This participatory workshop will bring together leaders in the field to explore the opportunities and challenges for research and development in PV after the SunShot goal has been achieved. The goal of the SunShot Initiative is to make solar energy cost-competitive with other forms of electricity by the end of the decade – specifically, to reach an installed, unsubsidized price of $0.06 per kilowatt hour ($1/W) for utility-scale systems.
Even after achieving the SunShot Initiative’s cost targets for solar energy, successful systems integration will remain as the key barrier to enable significantly higher levels of penetration and growth in solar power generation. To fully realize the SunShot goals, it is critical to address the challenges to successful integration of solar generation into the power grid (both transmission and distribution). SunShot’s Systems Integration (SI) subprogram has developed a vision and action plan with quantifiable metrics to fulfill SunShot’s goals.
2013 was a big comeback year for CSP in the United States with the commissioning of the Abengoa Solana plant, the first sync of the BrightSource Energy Ivanpah plant, and other major plants well along in their schedules. CSP is experiencing a true renaissance moment in the United States. In this session, expert panelists will address the challenges and opportunities for CSP in both domestic and international markets.
Disruptive solar technologies entering the PV and CSP landscape today hold the potential to greatly impact the future of solar energy conversion. This session will highlight new techniques, processes, materials, and ‘game changing’ revelations over the last several years, while also exploring the major obstacles to commercialization. Three speakers will provide fifteen minute presentations on promising areas such as combinatorial materials synthesis, perovskites for photovoltaics, inverse design, and photon enhanced thermionics.
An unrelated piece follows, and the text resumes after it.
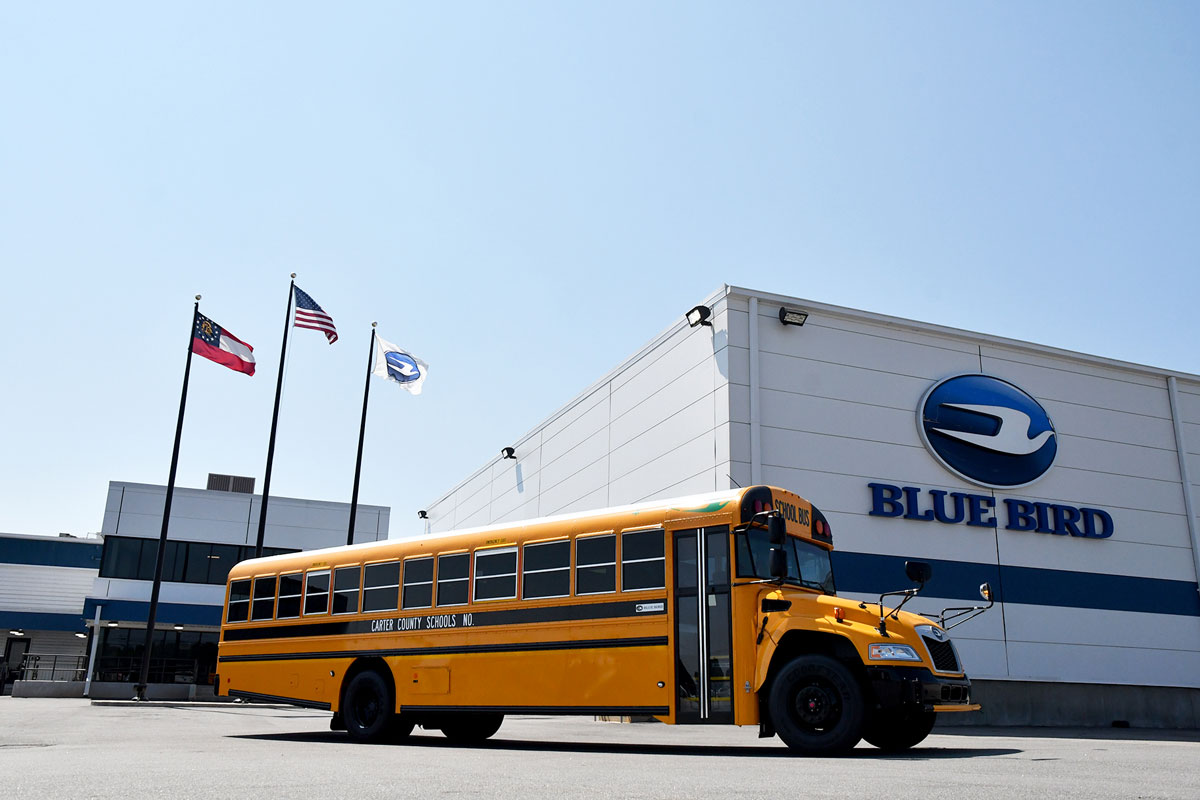 Blue Bird Next Generation Vision EV Bus in front of Fort Valley Blue Bird Plant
As PV system installations continue to ramp up across the United States, the process for handling used and expired PV modules in the next 20-30 years would benefit from serious planning and forethought. This session will explore the major issues related to developing and establishing an operational recycling program for PV modules in the U.S. The discussion will also address key areas of interest: the current status of PV recycling in the U.S.
The global PV manufacturing landscape has undergone significant changes in the past decade, from geographic and economic changes in the supply chain to a significant increase in PV module production by fewer manufacturers. The lessons learned over the last decade will guide the future of this growing industry. This session will explore the future of PV manufacturing over the next 5 to 10 years, both domestic and abroad.